The Practice Act (§2, art. 6, R. C. 1855, p. 1228) reduces all causes of action to seven classes, and permits a plaintiff to unite in his petition as many causes belonging to the same class as he has, but requires the causes so to be united to be separately stated, with the relief sought for each cause of action, in such manner as that “ they may be intelligibly distinguished.” A petition containing two or more causes of action is therefore bad — 1. Where the causes united belong to different classes; and, 2. Where, although the causes belong to the same class, they are not separately stated. The
The petition being defective, the inquiry remains whether the fault is one which is the subject of demurrer. This is a question that has occupied the attention of the courts of New York no little in the construction of their code of practice, from which ours was borrowed; and although the course of decision in those courts has been by no means uniform, yet it seems at least to have become the settled doctrine there, that the fifth ground enumerated in the catalogue of causes for which a demurrer will lie, viz., “ that several causes have been improperly united” (§6, art. YI.), has application to the union of incongruous causes of action, and not to the intermingling of causes of the same class in the same count, as in the case under consideration. (Robinson v. Judd, 9 How. Pr., N. Y., 378; Peckham v. Smith, id. 436; Moore v. Smith, 10 id. 361; Forsyth v. Edmiston, 11 id. 408; Waller v. Raskan, 12 id. 28; Dorman v. Kellam, 4 Ab. Pr., N. Y., 202; Phillips v. Gorham, 17 N. Y. 274.)

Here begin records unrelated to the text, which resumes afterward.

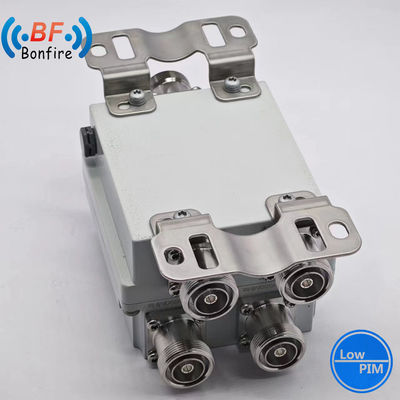 Δύο οδοι Τριπλέξερ RF διπλέξερ UHF RF Combiner 1710-1880 1920-2170 2300-2400 2500-2700MHz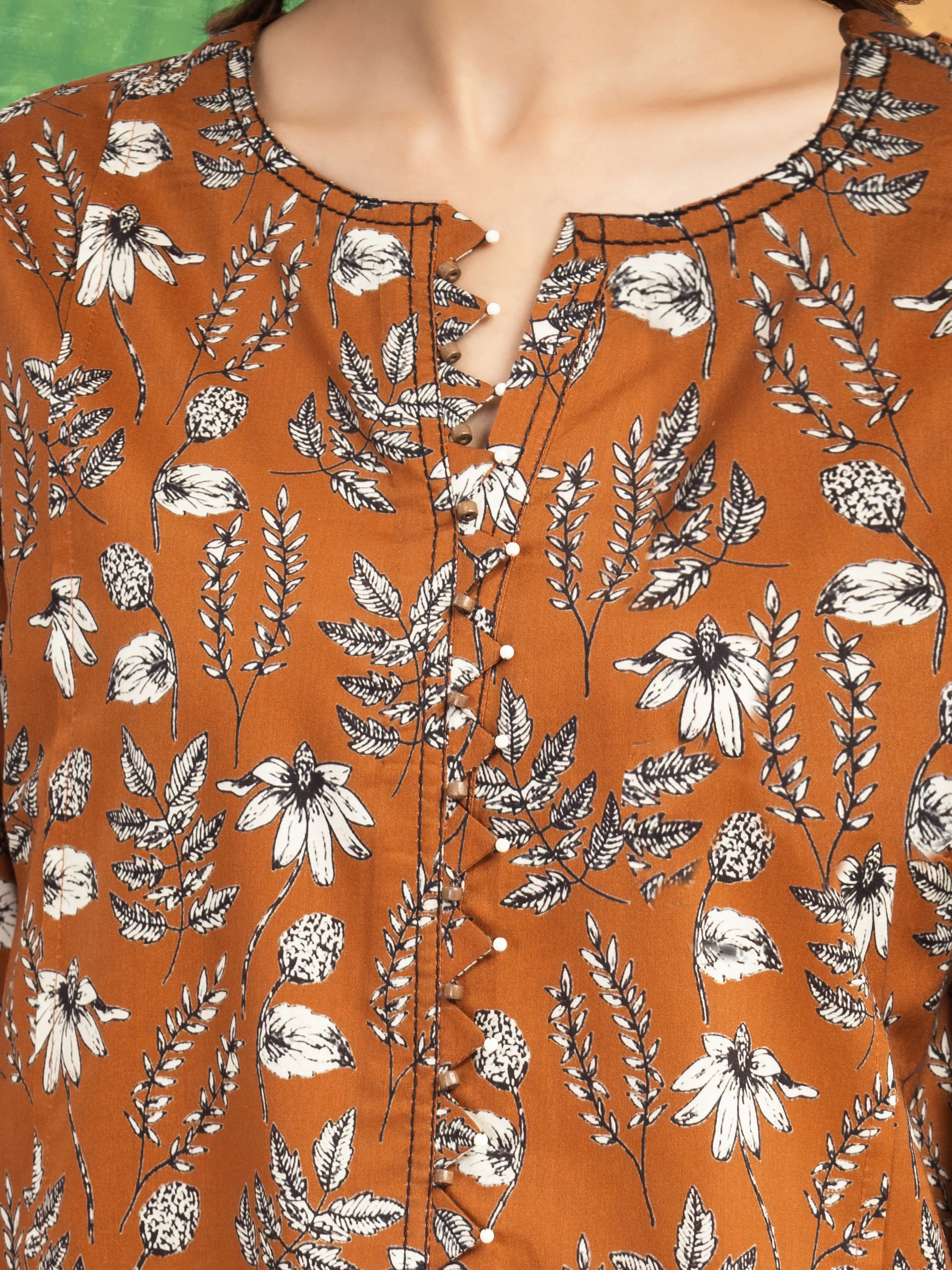 Unstitched Printed Lawn Suit - EWU6A1-36801ST - Image 4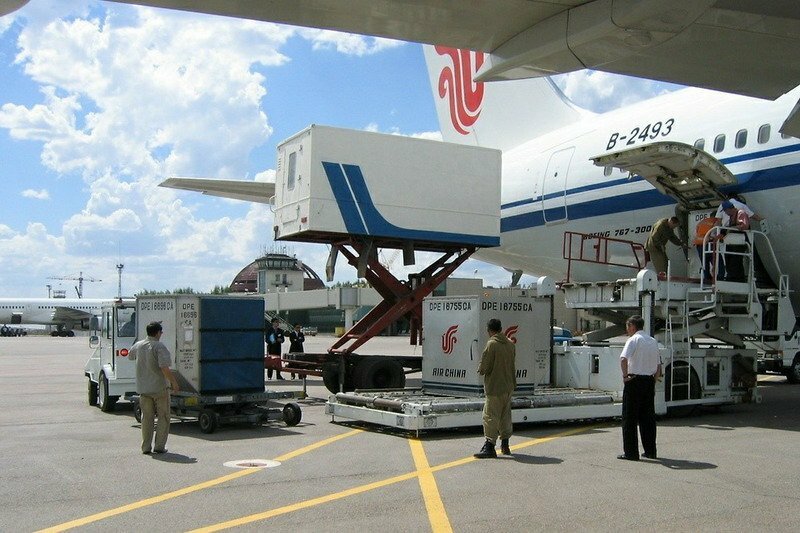 Авиаперевозки - самый надежный и быстрый вид доставки грузов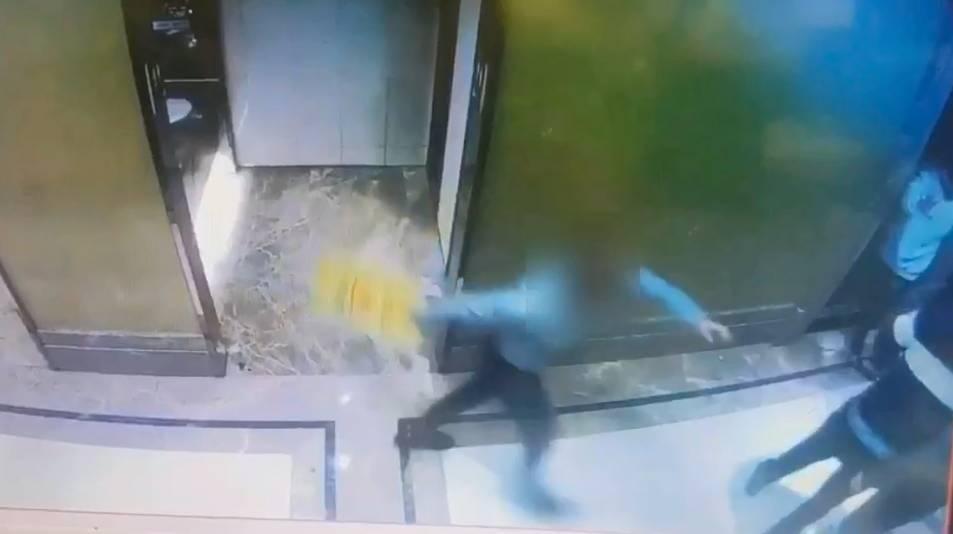 持「小心地滑」警示牌傷人的男子。（警方提供）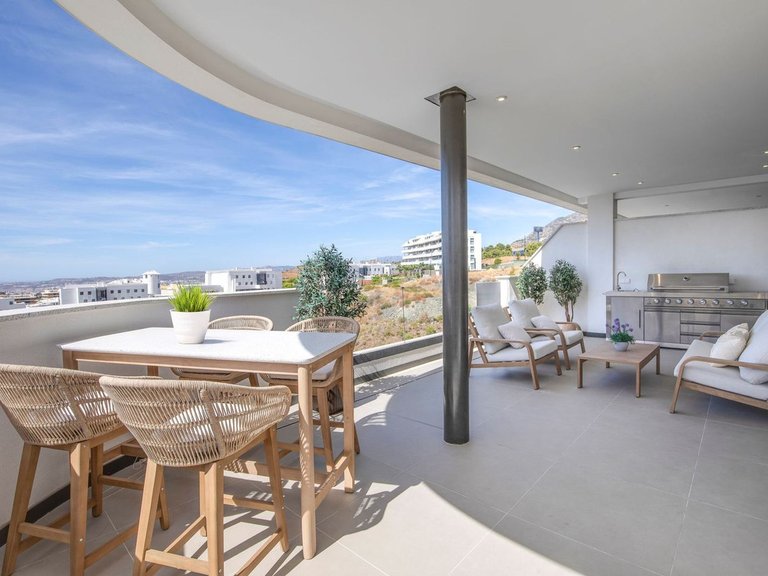 Apartment for Sale in Higueron, Malaga 12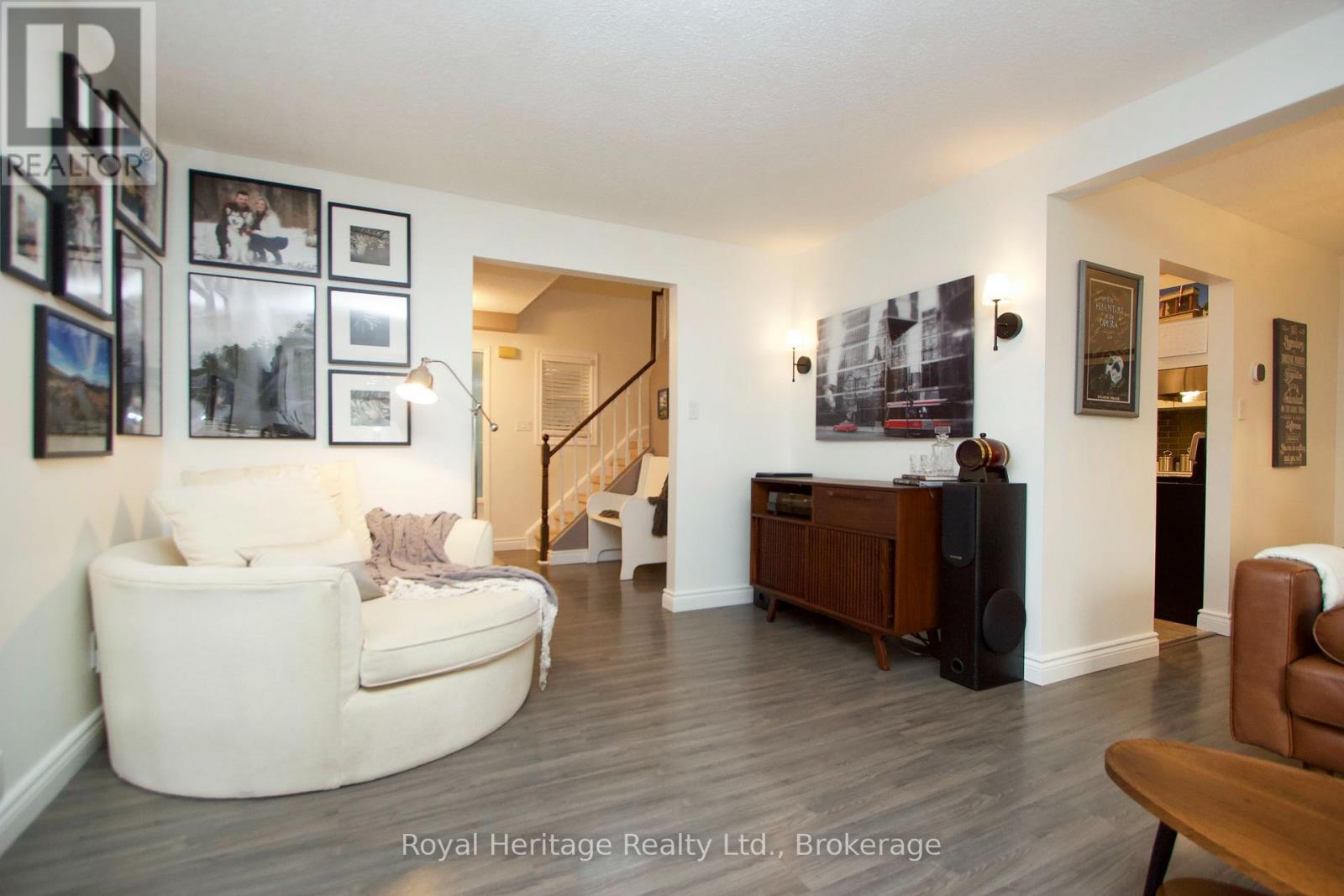 11 Harman Drive, Ajax, Ontario  L1S 5H4 - Photo 11 - E13759954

In the result thus arrived at we fully concur. The remedy for the defect in the petition is by motion, to require the party to elect one and strike out the remaining causes of action, thus improperly joined in one count. (Dorman v. Kellam, supra; Martin v. Kanouse, 11 How. Pr. 567.)
We are of opinion, therefore, that the Common Pleas committed error in sustaining the demurrer, and for this reason its judgment is reversed and the cause remanded. The plaintiff will be permitted to amend but in default of amending, the defendant will have leave to withdraw his demurrer and move for the reformation of the petition.